WASHINGTON--Nearly two dozen Democratic state attorneys general are suing the Trump administration over efforts to halt funding for the Consumer Financial Protection Bureau, Banking Dive reported.
The coalition of 22 AGs, led by New York Attorney General Letitia James, alleges that CFPB Acting Director Russ Vought’s refusal to accept funding from the Federal Reserve would effectively shut down the consumer watchdog next month.
“My office and attorneys general across the country rely on the CFPB for consumer complaints and other data to get justice for consumers,” James said in a prepared statement. “The administration’s actions are a handout to those who drive up costs by cheating hardworking Americans, and I will keep fighting to ensure they follow the law and our Constitution.”
Under the Dodd-Frank Act, the CFPB is funded through the Federal Reserve rather than congressional appropriations, a structure the Supreme Court upheld last year after challenges from trade groups. The dispute centers on statutory language allowing the Bureau to draw funds from the Fed’s “combined earnings,” which the Justice Department’s Office of Legal Counsel interpreted this fall as meaning “profits.”
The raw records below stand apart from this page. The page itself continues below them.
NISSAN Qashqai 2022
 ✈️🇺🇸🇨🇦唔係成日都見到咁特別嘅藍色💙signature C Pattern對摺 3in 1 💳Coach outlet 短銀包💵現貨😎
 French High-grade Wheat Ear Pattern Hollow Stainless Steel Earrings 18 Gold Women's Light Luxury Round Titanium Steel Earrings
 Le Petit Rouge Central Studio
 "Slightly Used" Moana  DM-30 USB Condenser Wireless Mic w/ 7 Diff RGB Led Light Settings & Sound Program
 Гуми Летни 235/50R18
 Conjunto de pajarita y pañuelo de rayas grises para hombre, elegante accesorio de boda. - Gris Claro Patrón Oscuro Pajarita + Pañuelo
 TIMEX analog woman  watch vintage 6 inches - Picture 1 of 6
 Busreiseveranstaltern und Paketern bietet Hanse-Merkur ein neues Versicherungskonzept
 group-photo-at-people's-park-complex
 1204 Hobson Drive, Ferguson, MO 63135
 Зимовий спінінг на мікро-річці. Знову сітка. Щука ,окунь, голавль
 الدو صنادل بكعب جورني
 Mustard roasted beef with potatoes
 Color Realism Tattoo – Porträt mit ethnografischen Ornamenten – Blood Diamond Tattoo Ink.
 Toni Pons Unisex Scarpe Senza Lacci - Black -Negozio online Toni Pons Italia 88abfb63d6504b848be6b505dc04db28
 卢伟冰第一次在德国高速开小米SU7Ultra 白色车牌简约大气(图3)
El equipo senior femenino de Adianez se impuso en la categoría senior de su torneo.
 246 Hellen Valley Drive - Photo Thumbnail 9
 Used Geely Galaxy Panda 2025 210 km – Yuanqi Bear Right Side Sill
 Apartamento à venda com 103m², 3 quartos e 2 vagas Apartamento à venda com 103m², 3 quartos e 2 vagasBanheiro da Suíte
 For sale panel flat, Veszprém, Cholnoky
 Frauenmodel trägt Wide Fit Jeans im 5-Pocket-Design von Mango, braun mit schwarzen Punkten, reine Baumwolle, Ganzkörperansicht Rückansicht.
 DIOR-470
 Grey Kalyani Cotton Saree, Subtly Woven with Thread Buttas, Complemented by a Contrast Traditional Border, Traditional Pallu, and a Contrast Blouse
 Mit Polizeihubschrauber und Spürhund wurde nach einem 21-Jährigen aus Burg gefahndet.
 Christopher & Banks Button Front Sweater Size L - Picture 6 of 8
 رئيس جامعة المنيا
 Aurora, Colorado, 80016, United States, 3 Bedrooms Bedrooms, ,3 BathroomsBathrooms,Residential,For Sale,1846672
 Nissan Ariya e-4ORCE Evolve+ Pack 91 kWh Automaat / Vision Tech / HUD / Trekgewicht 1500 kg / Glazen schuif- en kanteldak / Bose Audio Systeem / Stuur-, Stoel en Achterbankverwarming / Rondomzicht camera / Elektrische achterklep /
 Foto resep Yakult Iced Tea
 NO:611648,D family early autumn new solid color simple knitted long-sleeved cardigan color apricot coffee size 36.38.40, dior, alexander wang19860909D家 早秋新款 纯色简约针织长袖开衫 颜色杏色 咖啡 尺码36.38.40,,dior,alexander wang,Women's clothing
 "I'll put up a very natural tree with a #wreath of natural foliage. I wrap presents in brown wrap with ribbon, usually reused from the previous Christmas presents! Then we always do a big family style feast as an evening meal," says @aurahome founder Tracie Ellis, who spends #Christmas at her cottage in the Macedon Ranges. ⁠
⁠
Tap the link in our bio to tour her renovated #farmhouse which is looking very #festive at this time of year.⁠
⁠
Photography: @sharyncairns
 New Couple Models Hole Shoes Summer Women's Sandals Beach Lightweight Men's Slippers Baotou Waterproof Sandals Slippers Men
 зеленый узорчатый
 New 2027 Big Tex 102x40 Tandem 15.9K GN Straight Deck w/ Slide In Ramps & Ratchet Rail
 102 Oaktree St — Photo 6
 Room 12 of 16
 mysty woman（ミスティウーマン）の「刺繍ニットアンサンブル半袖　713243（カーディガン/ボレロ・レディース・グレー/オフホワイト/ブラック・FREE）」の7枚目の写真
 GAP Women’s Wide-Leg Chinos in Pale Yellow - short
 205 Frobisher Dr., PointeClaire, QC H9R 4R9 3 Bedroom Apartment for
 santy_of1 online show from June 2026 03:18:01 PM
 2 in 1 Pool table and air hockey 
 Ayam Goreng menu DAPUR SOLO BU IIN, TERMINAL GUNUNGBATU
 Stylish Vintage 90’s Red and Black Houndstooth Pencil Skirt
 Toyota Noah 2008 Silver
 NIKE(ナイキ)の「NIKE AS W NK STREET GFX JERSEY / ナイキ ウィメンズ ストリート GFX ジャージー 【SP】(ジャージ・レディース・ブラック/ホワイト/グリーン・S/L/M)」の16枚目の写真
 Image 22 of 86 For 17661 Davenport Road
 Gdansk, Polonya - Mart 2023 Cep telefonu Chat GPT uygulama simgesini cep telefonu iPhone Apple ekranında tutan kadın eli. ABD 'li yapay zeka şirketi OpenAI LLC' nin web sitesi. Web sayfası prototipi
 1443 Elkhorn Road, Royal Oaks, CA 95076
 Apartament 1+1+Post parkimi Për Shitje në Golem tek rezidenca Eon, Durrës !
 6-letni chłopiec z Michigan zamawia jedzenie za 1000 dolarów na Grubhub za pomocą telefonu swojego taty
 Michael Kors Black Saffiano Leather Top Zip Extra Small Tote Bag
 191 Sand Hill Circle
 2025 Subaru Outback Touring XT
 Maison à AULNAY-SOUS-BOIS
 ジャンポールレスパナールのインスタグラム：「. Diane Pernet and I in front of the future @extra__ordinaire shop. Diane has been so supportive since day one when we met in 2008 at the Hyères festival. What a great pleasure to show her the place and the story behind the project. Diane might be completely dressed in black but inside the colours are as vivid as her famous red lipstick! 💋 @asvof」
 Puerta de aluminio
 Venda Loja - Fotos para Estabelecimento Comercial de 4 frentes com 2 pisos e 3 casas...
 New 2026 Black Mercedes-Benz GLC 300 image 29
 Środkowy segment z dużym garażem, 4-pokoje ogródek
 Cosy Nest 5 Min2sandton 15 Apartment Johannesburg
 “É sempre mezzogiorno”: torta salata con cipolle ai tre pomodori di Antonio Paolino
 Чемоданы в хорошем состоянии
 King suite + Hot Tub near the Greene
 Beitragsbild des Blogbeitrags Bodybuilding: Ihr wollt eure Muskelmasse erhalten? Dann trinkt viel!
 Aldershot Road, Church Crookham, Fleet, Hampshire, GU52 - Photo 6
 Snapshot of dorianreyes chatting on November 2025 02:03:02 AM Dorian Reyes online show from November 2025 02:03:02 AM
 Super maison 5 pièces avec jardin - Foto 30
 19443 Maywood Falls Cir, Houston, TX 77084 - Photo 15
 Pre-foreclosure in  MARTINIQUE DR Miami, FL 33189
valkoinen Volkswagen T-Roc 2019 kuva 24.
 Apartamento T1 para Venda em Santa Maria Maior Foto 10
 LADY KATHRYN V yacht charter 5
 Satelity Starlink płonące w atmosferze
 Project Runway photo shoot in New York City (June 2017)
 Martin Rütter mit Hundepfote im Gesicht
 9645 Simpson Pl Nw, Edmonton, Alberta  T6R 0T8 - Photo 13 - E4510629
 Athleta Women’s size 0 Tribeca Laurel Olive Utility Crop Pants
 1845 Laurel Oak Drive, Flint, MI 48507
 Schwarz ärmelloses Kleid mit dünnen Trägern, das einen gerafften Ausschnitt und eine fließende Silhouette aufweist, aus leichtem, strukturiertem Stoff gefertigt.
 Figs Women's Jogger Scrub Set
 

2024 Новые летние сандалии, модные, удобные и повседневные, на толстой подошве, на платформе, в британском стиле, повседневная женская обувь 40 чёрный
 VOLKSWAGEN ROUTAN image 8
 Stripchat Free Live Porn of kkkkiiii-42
Banking Dive noted that Vought has said that interpretation prevents him from requesting funds, arguing the Fed is not currently profitable and therefore has no money to transfer to the CFPB. The attorneys general counter that the interpretation violates Dodd-Frank, which they say defines “combined earnings” as the Fed’s “gross revenues of the Federal Reserve without any deduction for interest or other expenses.”
The AGs argue that Vought’s decision not to renew CFPB funding is unlawful and unconstitutional.